Tuesday, May 1, 2018

The connection between school spending and educational outcomes is tenuous

See Teachers on Strike: The AFT and NEA don’t have students’ best interests at heart any more than the UAW has those of auto buyers by Jason L. Riley of The WSJ.
"So far the strikes and protests have been a red-state phenomenon, and liberals are having fun with that fact. Some see it as more evidence of left-wing enthusiasm in an election year. Others say it proves that Republicans, with their focus on cutting taxes and shrinking government, have gone too far. But both parties like to brag about how much money they spend on schools, and polling shows that most voters seem to buy the union line that more funding will improve outcomes in the classroom. Federal education spending, like federal spending in general, exploded under President Obama, but it didn’t exactly suffer under George W. Bush."

"The problem is less how much money is being spent than the way those dollars are being allocated. It isn’t hard to understand why politicians love to highlight education outlays. It helps them win votes and ward off union agitators. But the connection between school spending and educational outcomes is tenuous. The Cato Institute reports that between 2000 and 2015, which is the most recent year for which federal data is available, total spending per pupil at the state level rose, on average, by an inflation-adjusted 18%. During this period, it fell in Arizona while rising in Kentucky, Oklahoma and West Virginia. Yet on 2015 federal standardized exams, Arizona made more progress than any other state.
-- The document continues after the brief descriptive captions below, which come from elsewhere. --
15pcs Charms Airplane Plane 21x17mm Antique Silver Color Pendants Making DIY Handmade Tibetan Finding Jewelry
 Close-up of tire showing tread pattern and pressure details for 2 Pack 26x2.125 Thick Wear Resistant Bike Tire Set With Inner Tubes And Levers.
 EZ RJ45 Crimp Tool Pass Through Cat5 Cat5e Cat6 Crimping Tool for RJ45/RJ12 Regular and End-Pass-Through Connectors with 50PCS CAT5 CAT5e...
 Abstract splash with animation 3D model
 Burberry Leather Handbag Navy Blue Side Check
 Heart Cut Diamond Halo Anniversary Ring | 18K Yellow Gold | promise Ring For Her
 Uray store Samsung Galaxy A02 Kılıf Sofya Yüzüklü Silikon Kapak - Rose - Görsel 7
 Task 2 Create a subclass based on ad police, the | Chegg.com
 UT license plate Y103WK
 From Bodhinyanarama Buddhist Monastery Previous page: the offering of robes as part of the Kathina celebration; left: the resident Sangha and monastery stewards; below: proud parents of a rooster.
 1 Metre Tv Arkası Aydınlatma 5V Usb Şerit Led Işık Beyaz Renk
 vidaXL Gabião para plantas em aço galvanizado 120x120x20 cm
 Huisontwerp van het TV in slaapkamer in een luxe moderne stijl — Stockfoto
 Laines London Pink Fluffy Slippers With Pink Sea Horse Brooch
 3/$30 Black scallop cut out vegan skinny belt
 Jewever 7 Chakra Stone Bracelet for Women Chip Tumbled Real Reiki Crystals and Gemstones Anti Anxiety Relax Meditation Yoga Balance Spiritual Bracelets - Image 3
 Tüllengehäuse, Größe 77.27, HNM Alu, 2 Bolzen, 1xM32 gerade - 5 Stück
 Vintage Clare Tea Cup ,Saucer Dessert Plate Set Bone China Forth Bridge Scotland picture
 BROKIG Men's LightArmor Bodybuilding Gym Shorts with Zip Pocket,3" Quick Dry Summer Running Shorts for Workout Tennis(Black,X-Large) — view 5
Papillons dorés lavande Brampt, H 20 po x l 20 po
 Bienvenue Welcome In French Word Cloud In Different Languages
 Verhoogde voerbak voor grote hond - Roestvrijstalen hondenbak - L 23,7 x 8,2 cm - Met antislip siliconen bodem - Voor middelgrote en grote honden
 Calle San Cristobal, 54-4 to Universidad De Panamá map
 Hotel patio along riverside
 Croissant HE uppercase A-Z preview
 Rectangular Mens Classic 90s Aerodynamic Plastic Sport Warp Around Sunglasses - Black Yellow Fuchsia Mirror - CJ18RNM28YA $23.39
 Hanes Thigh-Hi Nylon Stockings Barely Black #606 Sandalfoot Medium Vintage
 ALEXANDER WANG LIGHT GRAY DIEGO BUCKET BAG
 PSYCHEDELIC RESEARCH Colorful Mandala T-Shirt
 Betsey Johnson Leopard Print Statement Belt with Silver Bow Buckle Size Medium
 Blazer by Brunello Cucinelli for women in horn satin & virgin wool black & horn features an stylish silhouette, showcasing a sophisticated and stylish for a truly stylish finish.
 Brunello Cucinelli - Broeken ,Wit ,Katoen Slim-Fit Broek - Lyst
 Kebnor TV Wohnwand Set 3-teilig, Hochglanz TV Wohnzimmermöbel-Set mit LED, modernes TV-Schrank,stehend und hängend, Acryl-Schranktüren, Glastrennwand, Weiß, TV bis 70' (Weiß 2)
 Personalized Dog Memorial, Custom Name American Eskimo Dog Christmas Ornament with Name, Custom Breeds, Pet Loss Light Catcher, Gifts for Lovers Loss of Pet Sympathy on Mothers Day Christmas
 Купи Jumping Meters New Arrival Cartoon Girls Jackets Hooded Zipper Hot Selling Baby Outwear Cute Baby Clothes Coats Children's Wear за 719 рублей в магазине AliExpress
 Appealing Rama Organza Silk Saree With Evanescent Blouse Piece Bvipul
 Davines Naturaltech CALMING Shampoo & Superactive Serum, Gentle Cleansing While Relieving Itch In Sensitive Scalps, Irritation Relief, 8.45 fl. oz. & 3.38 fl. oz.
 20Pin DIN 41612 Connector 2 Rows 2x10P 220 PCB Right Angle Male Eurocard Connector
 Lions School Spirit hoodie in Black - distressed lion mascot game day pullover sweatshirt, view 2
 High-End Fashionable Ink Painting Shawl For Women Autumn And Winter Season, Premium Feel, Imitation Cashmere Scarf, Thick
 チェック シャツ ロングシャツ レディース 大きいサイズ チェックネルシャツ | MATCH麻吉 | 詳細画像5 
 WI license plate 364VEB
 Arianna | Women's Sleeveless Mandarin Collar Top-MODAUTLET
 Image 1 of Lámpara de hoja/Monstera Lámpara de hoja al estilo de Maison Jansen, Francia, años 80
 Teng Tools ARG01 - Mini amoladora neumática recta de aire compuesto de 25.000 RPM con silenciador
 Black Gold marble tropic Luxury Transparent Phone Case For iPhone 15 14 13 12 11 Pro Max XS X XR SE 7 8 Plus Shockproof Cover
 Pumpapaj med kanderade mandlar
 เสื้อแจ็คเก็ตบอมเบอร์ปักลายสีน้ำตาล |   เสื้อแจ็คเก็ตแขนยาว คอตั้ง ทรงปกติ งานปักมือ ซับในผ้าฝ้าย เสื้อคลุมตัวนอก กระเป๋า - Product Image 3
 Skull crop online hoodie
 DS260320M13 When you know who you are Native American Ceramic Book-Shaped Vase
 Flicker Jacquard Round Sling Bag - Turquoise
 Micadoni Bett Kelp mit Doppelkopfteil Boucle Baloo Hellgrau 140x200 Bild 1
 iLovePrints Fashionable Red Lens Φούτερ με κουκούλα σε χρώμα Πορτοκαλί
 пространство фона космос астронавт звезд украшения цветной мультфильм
New York, by contrast, boasts the highest spending per pupil and teacher pay in the country, but you wouldn’t know it from the test results. The most recent federal assessment, released earlier this month, ranked New York 27th in fourth-grade reading and 36th in fourth-grade math. Among eighth-graders, the state ranks 32nd in reading and 25th in math. Union leaders insist that these comparisons are meaningless. But if you’re a low-income family stuck in a crummy school, or a taxpayer wondering how your dollars are being spent, such comparisons may be the only ones that matter."